Data for processing
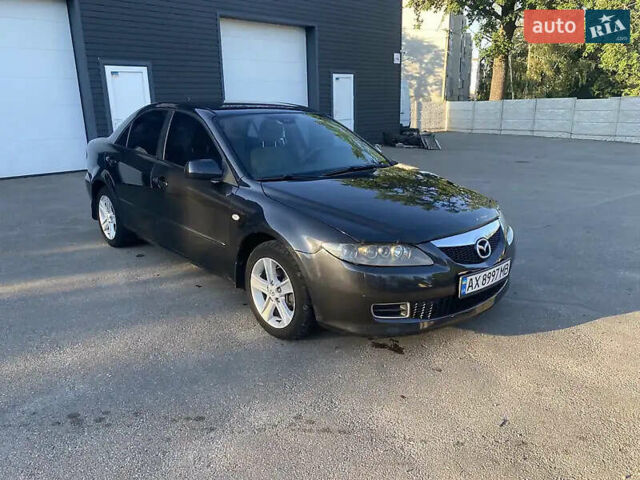 Чорний Мазда 6, об'ємом двигуна 1.8 л та пробігом 360 тис. км за 4300 $, фото 1 на Automoto.ua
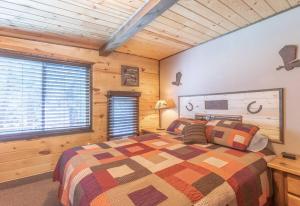 a bedroom with a large bed in a wooden room at Rustic Cabin Retreat - Hot tub - Fire pit - BBQ - in Island Park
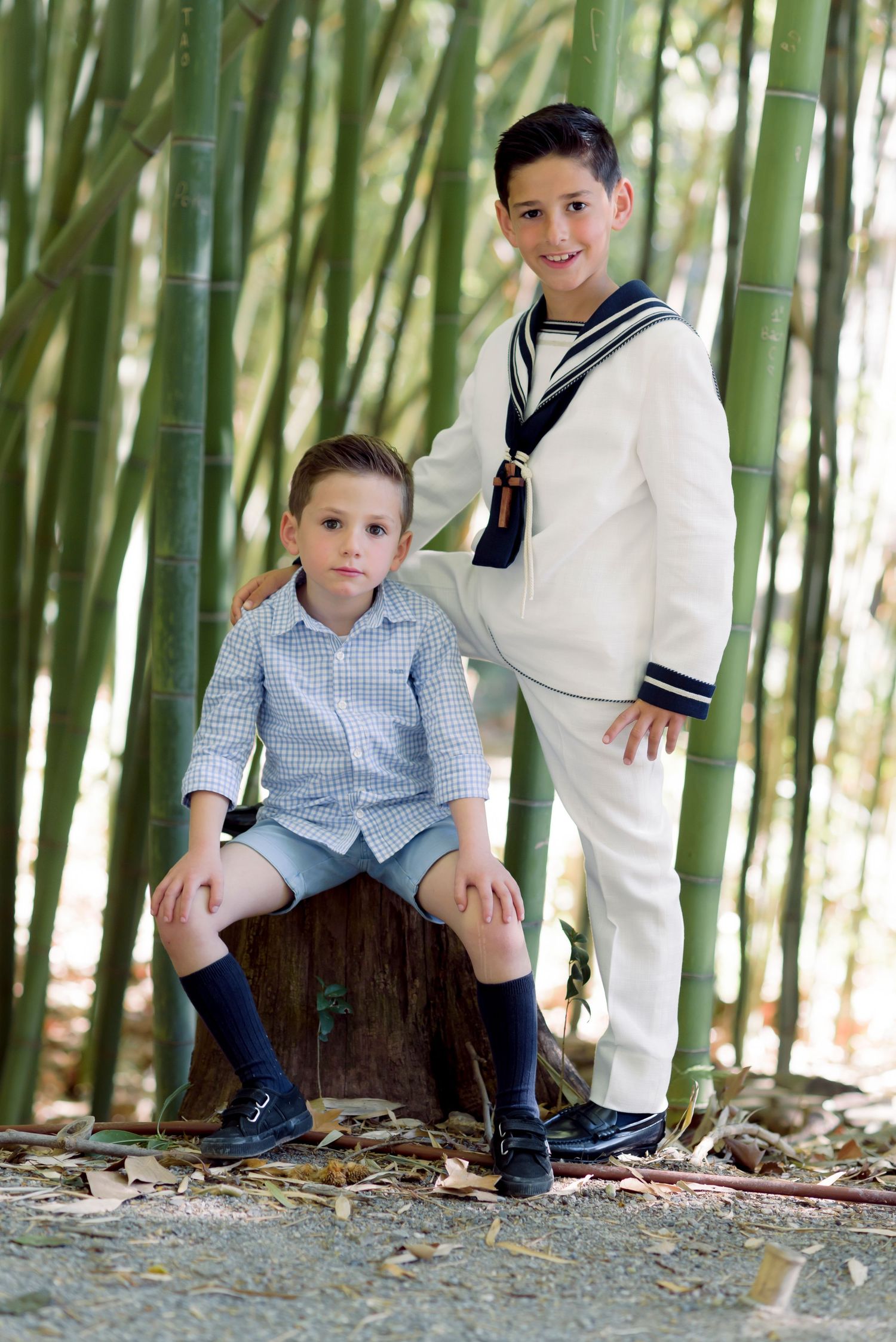 Two boys pose in bamboo grove, one in sailor communion suit, one in blue shirt.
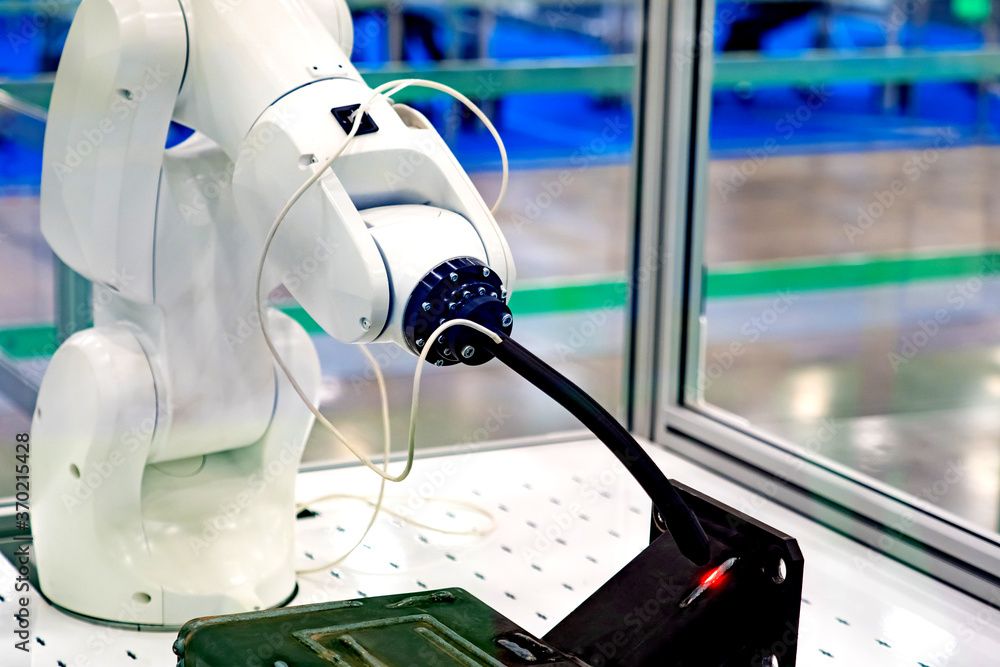Poster robot for the welding of metal parts. the welding robot is tested in the laboratory. welding is perf
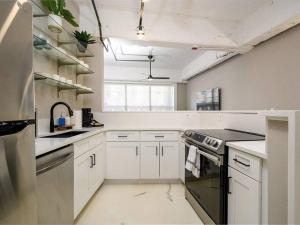 a white kitchen with a sink and a stove at Downtown Memphis Luxury Condo in Memphis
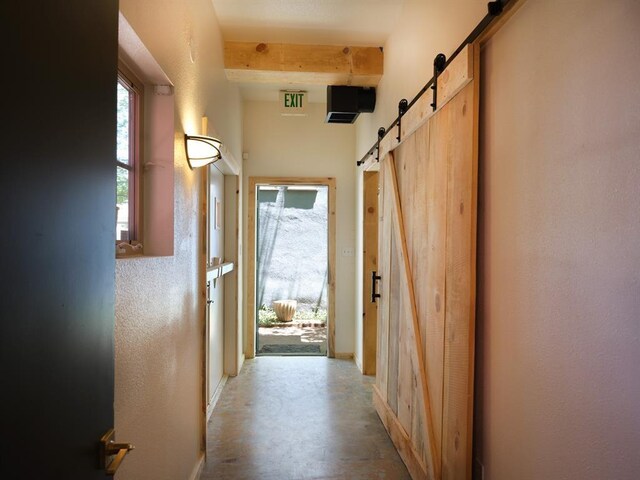 1918 Hopewell Unit C, Santa Fe, NM 87505 - hall featuring a barn door, beam ceiling, and concrete flooring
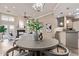 Open-concept living space with fireplace, bright natural light, and view of kitchen at 12625 N Saguaro Blvd # 203, Fountain Hills, AZ 85268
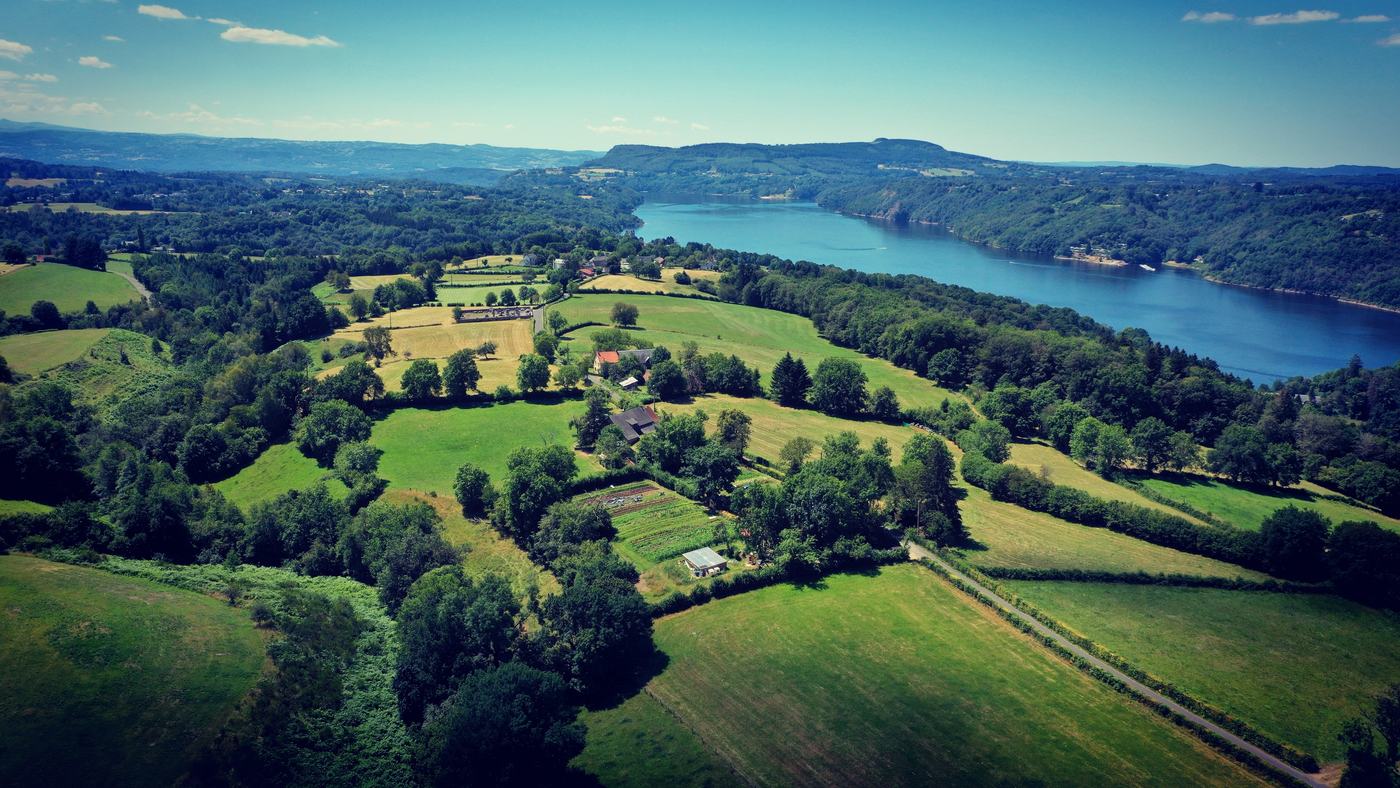 Vue aérienne des prairies et bocages de l'Artense descendant vers le lac
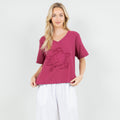 Women's cotton gauze turtle top with short sleeves, V-neck, magenta with embroidered turtle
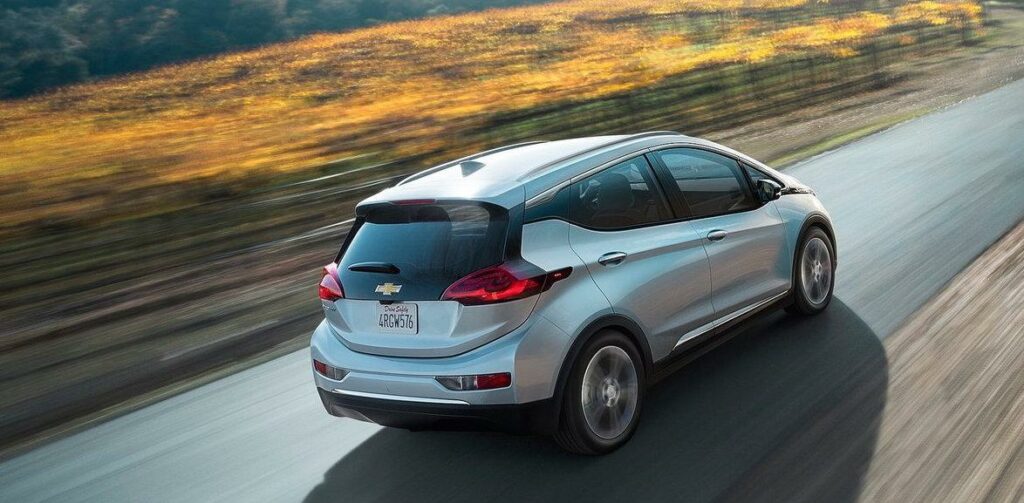 Chevrolet Bolt EV kör längs en landsväg. (AI text)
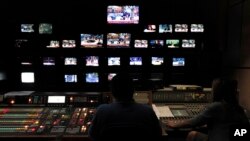 Karyawan stasiun televisi pemerintah Yunani, ERT dalam ruang kontrol di pusat stasiun televisi tersebut di Athena, 12 Juni 2013. Pemerintah Yunani mengumunkan rencana penutupan ERT dalam upaya penghematan dana, Selasa (11/6).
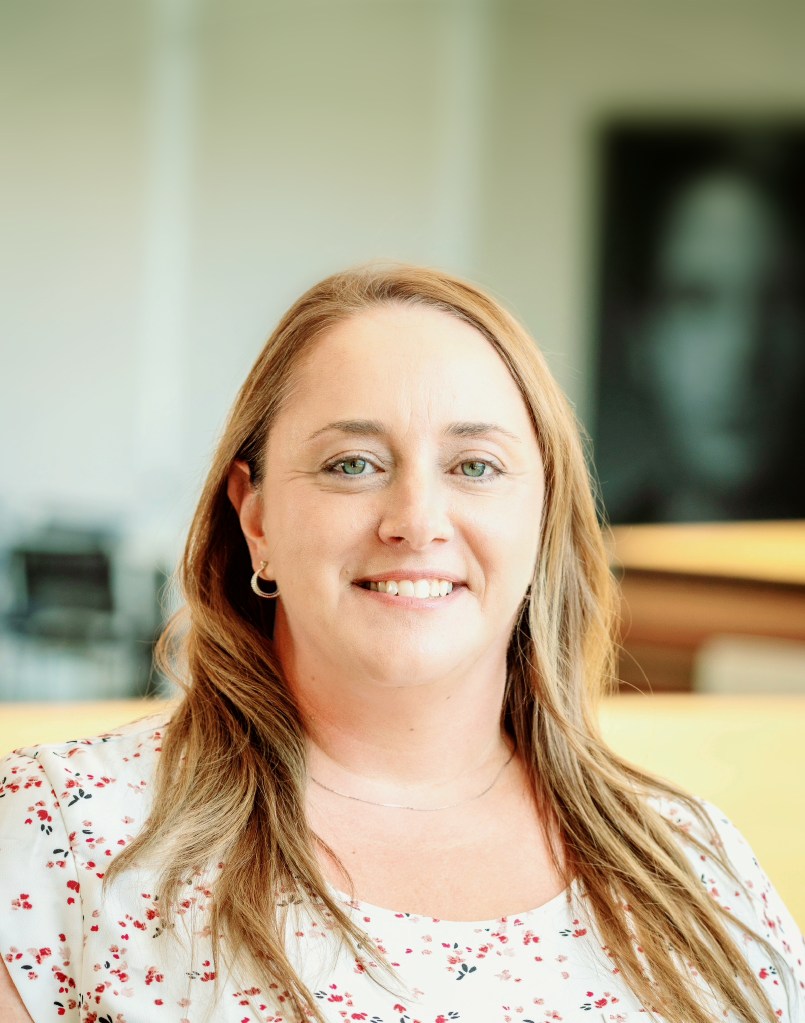 headshot of Sonja Bruschetto, a light skinned woman with long blonde hair. She ears a light top with a red pattern on it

Directions
From the first line above down to the line with "Vue aérienne des", reproduce every line and no others, omitting pictures.

Written response
 Чорний Мазда 6, об'ємом двигуна 1.8 л та пробігом 360 тис. км за 4300 $, фото 1 на Automoto.ua
 a bedroom with a large bed in a wooden room at Rustic Cabin Retreat - Hot tub - Fire pit - BBQ - in Island Park
 Two boys pose in bamboo grove, one in sailor communion suit, one in blue shirt.
Poster robot for the welding of metal parts. the welding robot is tested in the laboratory. welding is perf
 a white kitchen with a sink and a stove at Downtown Memphis Luxury Condo in Memphis
 1918 Hopewell Unit C, Santa Fe, NM 87505 - hall featuring a barn door, beam ceiling, and concrete flooring
 Open-concept living space with fireplace, bright natural light, and view of kitchen at 12625 N Saguaro Blvd # 203, Fountain Hills, AZ 85268
 Vue aérienne des prairies et bocages de l'Artense descendant vers le lac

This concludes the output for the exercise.